Crawled caption data
_ _ _ _ _

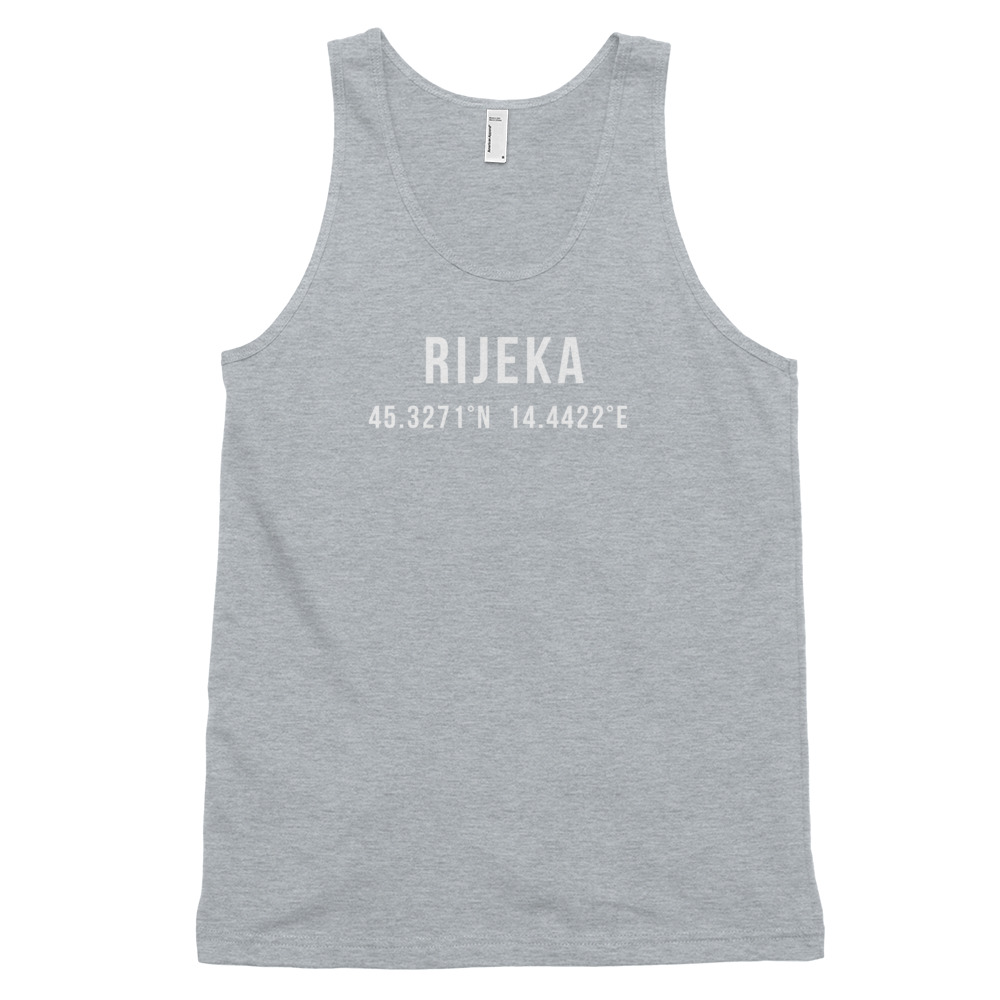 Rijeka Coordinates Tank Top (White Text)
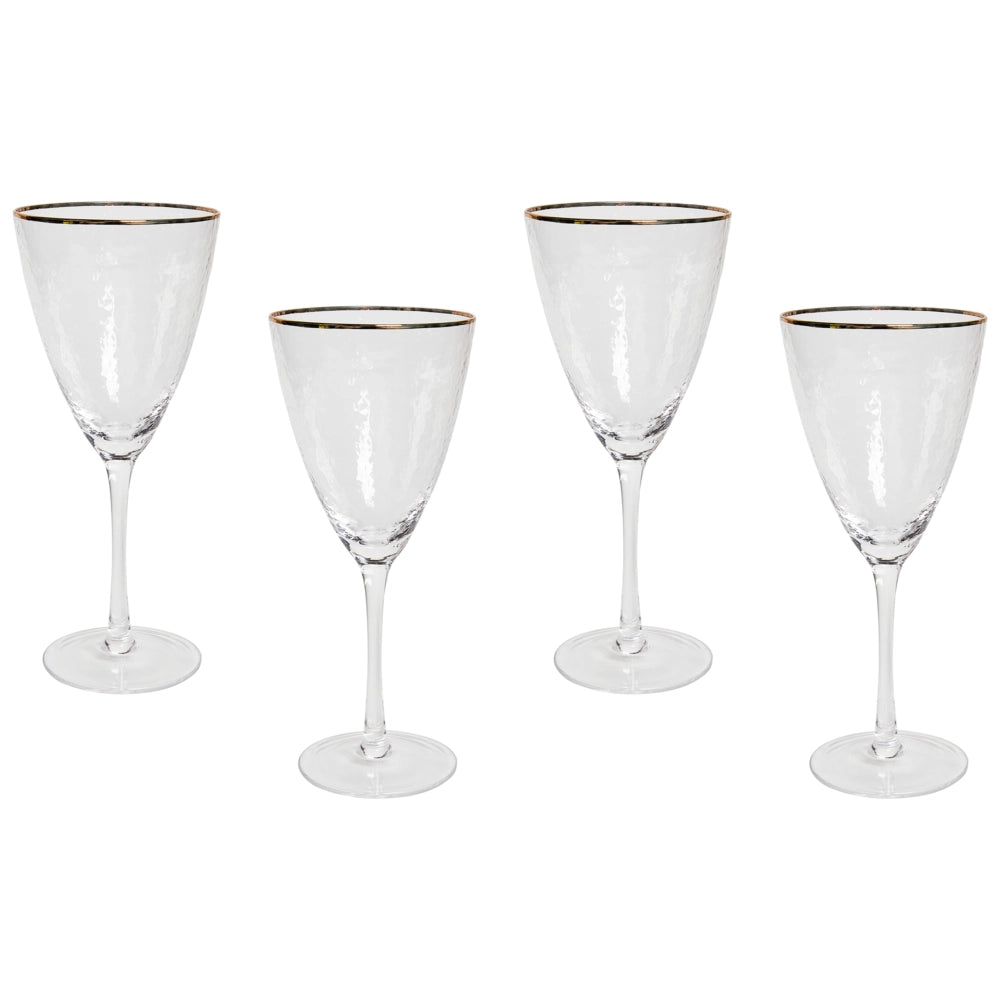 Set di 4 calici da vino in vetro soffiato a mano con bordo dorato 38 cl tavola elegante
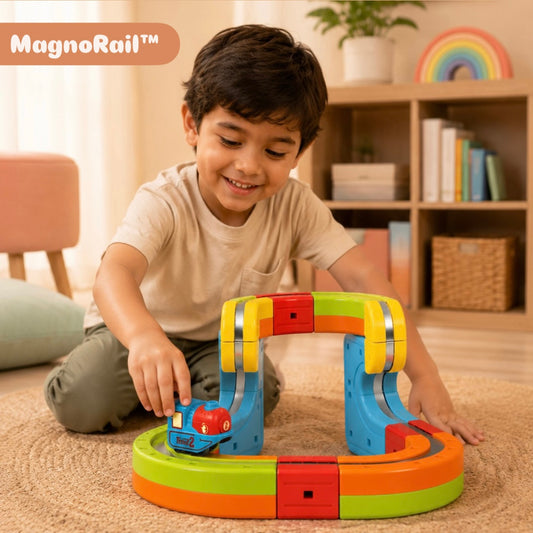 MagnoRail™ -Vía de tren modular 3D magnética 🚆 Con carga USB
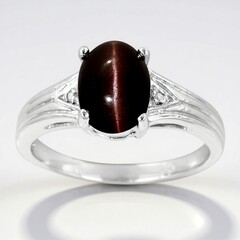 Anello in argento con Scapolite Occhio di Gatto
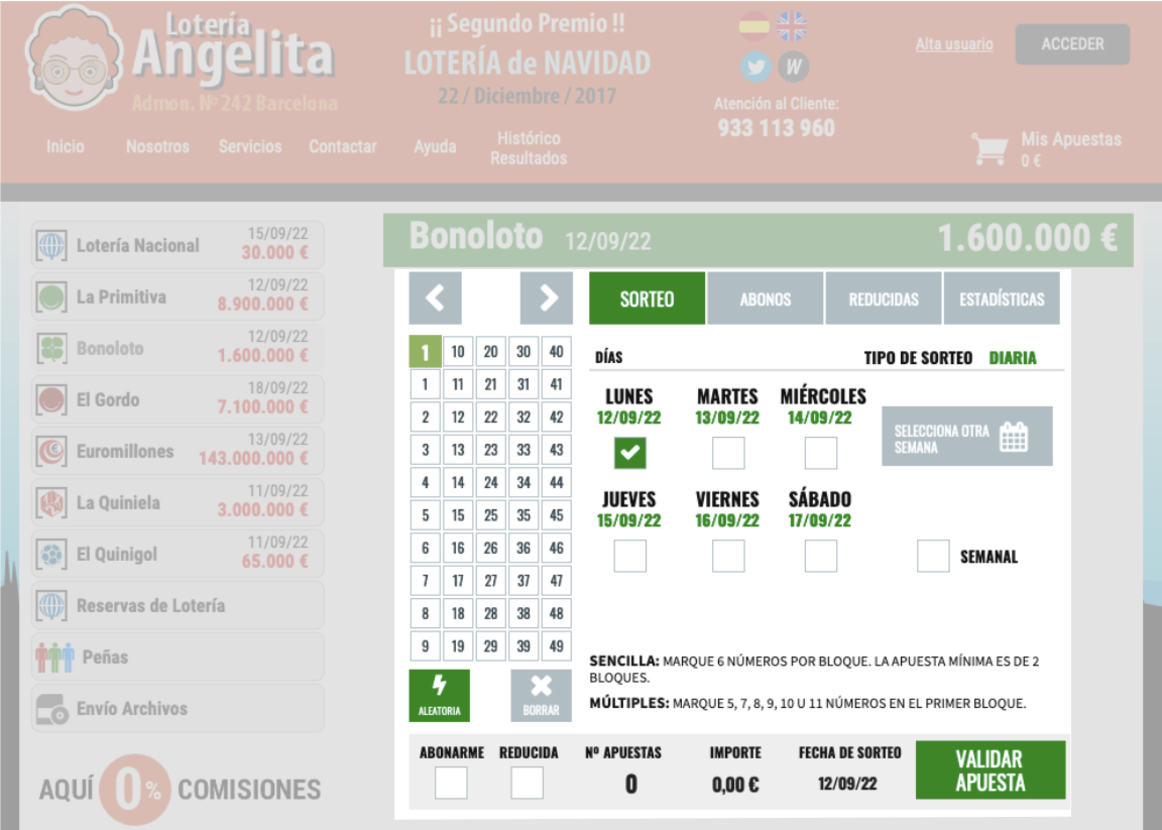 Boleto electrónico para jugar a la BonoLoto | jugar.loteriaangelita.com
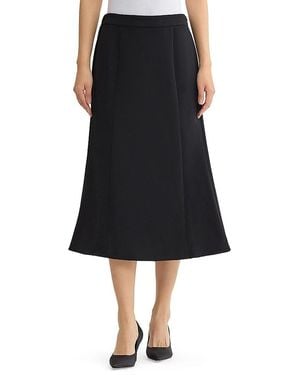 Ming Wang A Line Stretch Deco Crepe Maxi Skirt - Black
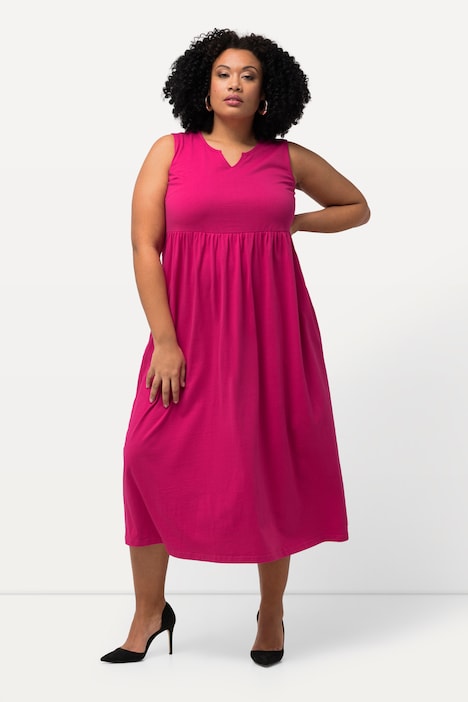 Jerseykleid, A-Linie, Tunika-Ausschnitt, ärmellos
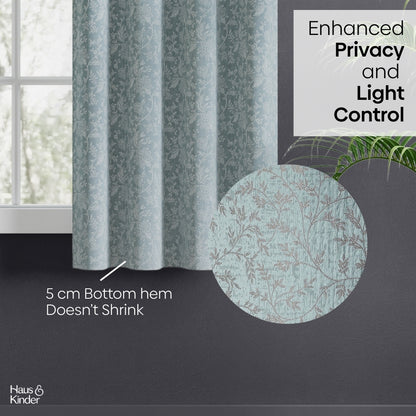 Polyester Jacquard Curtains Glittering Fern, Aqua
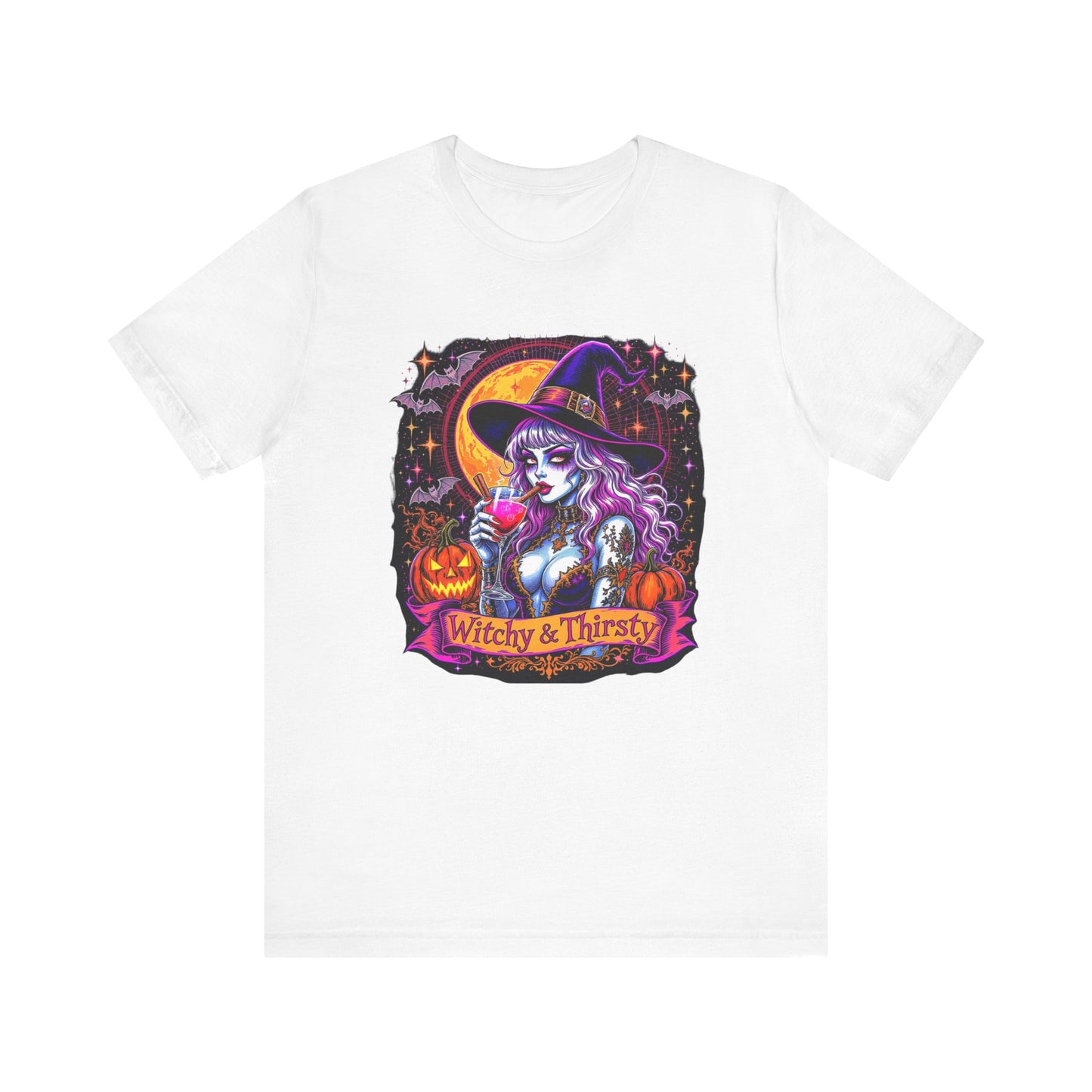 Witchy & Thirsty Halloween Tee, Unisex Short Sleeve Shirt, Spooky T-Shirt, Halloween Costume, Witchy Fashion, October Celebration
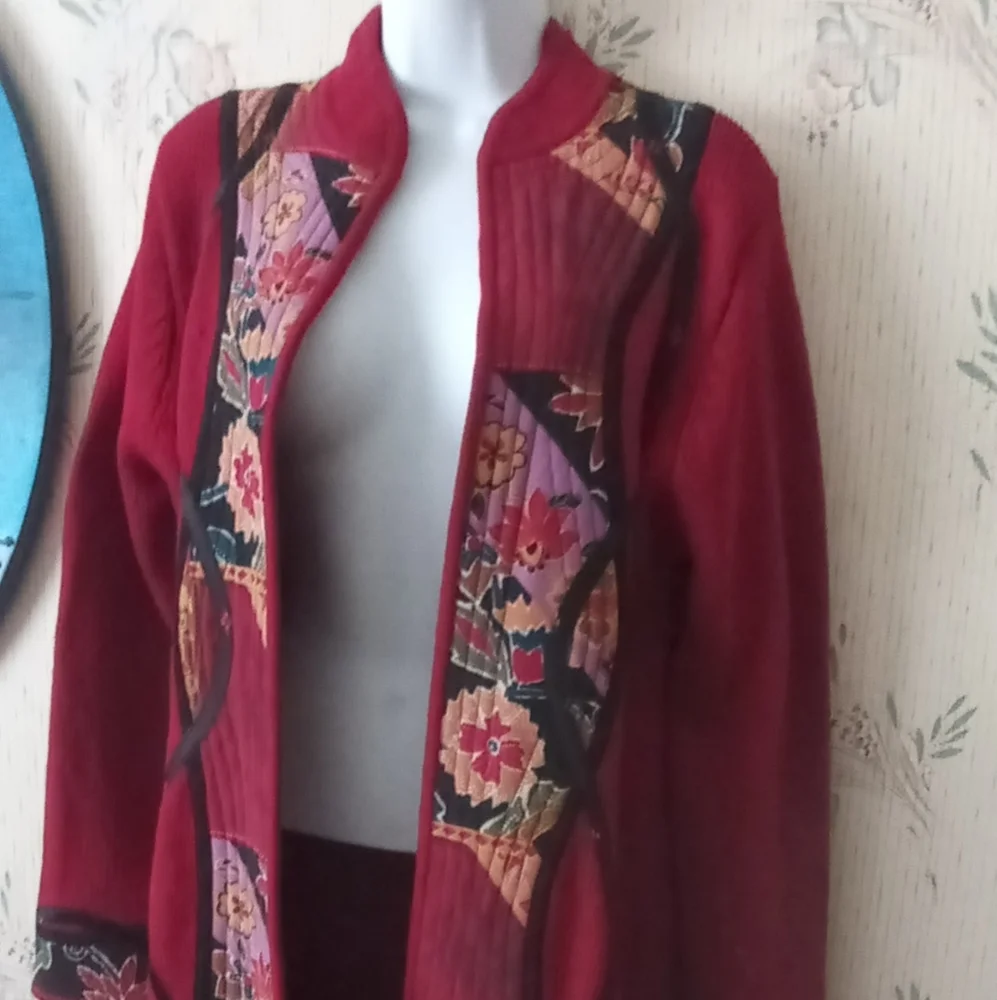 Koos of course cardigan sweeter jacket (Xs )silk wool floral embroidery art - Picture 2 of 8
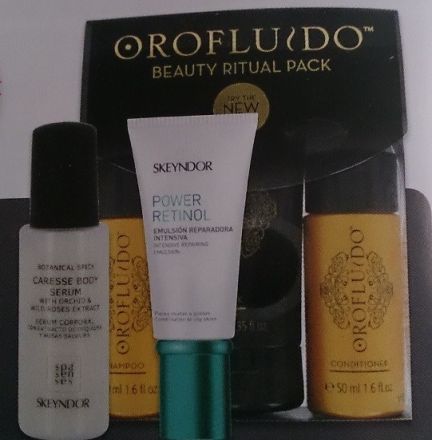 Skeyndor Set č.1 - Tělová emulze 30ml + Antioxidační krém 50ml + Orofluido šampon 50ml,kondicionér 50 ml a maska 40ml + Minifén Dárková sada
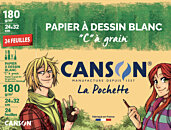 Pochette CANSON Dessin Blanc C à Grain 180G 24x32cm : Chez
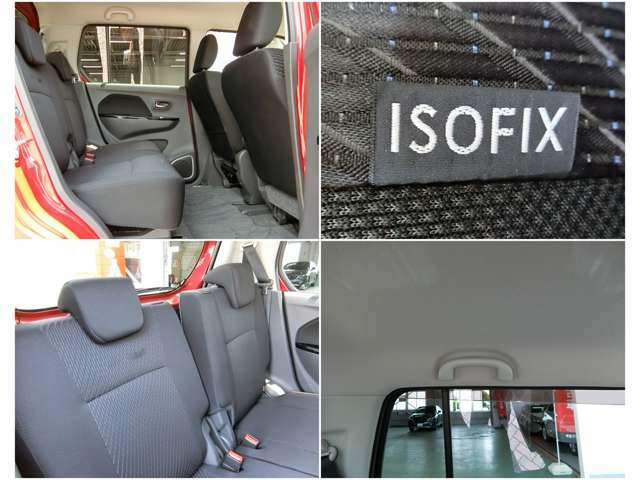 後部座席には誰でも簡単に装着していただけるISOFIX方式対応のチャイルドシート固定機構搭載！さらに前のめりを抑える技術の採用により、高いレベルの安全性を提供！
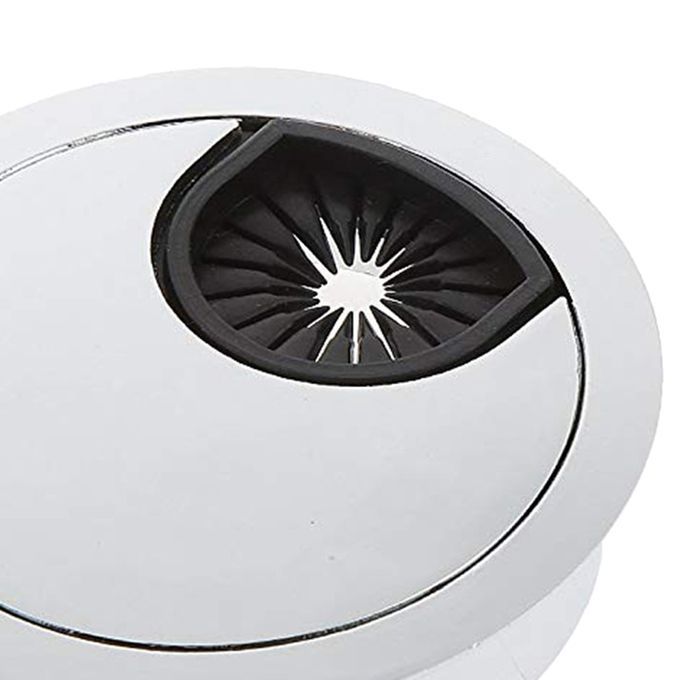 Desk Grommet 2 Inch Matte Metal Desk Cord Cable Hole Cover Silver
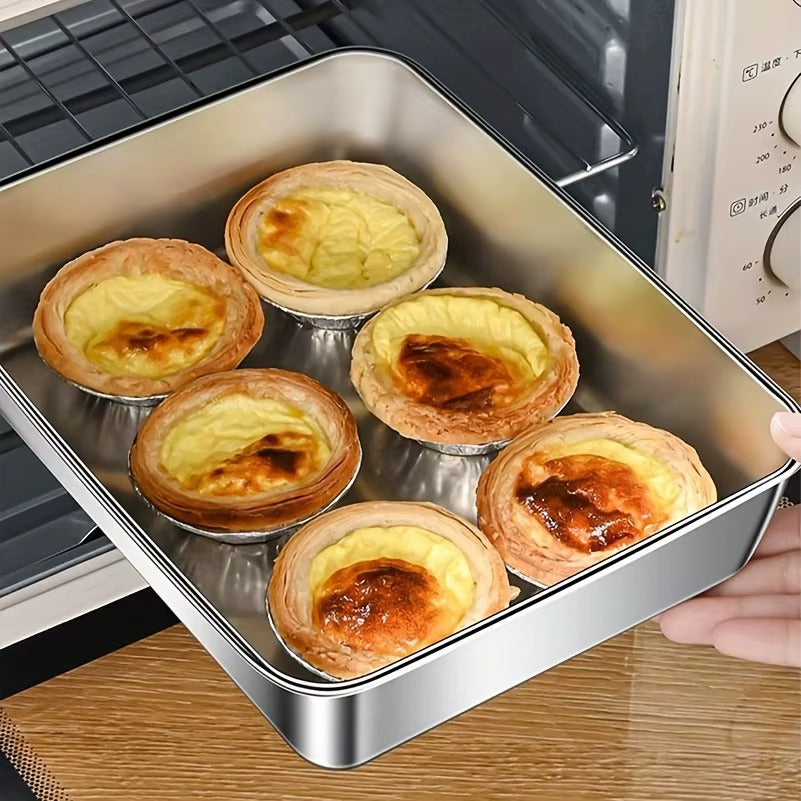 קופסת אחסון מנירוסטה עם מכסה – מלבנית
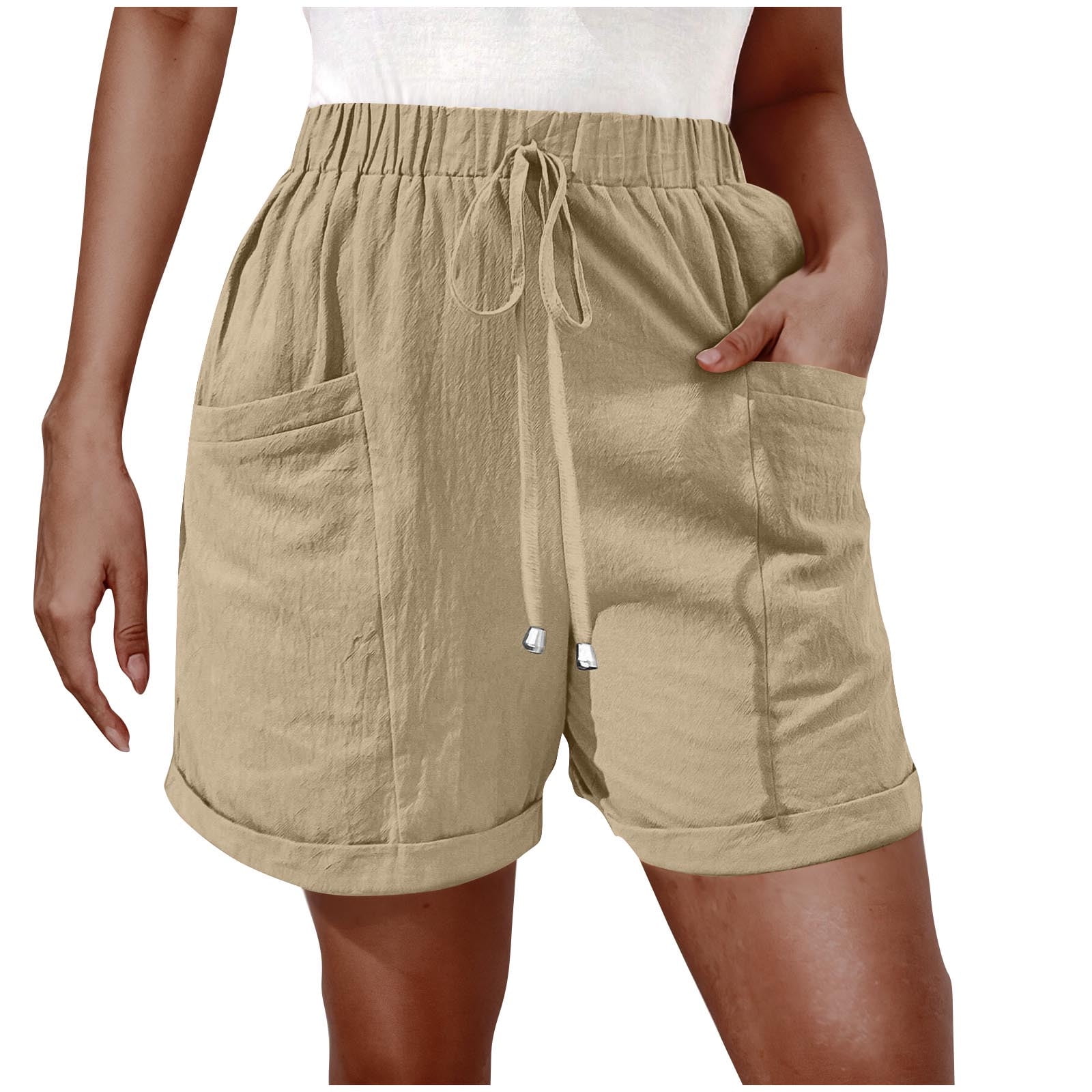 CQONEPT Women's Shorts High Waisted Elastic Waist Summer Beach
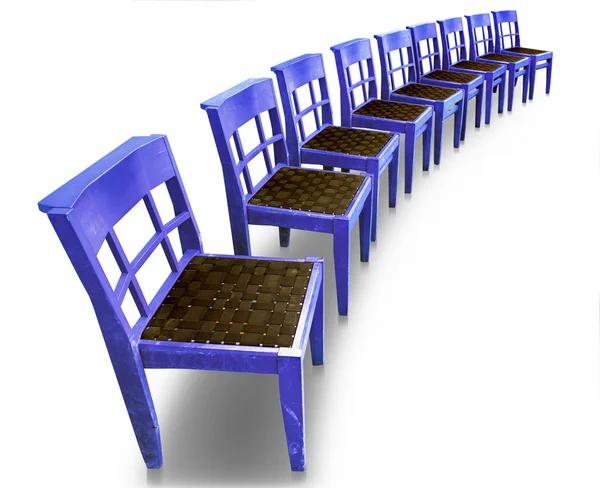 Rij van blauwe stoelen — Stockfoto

_ _ _ _ _

*Task details:*
Would you transcribe all of the entries above exactly, minus the images?

*Solution for this task:*
 Rijeka Coordinates Tank Top (White Text)
 Set di 4 calici da vino in vetro soffiato a mano con bordo dorato 38 cl tavola elegante
 MagnoRail™ -Vía de tren modular 3D magnética 🚆 Con carga USB
 Anello in argento con Scapolite Occhio di Gatto
 Boleto electrónico para jugar a la BonoLoto | jugar.loteriaangelita.com
 Ming Wang A Line Stretch Deco Crepe Maxi Skirt - Black
 Jerseykleid, A-Linie, Tunika-Ausschnitt, ärmellos
 Polyester Jacquard Curtains Glittering Fern, Aqua
 Witchy & Thirsty Halloween Tee, Unisex Short Sleeve Shirt, Spooky T-Shirt, Halloween Costume, Witchy Fashion, October Celebration
 Koos of course cardigan sweeter jacket (Xs )silk wool floral embroidery art - Picture 2 of 8
 Skeyndor Set č.1 - Tělová emulze 30ml + Antioxidační krém 50ml + Orofluido šampon 50ml,kondicionér 50 ml a maska 40ml + Minifén Dárková sada
 Pochette CANSON Dessin Blanc C à Grain 180G 24x32cm : Chez
 後部座席には誰でも簡単に装着していただけるISOFIX方式対応のチャイルドシート固定機構搭載！さらに前のめりを抑える技術の採用により、高いレベルの安全性を提供！
 Desk Grommet 2 Inch Matte Metal Desk Cord Cable Hole Cover Silver
 קופסת אחסון מנירוסטה עם מכסה – מלבנית
 CQONEPT Women's Shorts High Waisted Elastic Waist Summer Beach
 Rij van blauwe stoelen — Stockfoto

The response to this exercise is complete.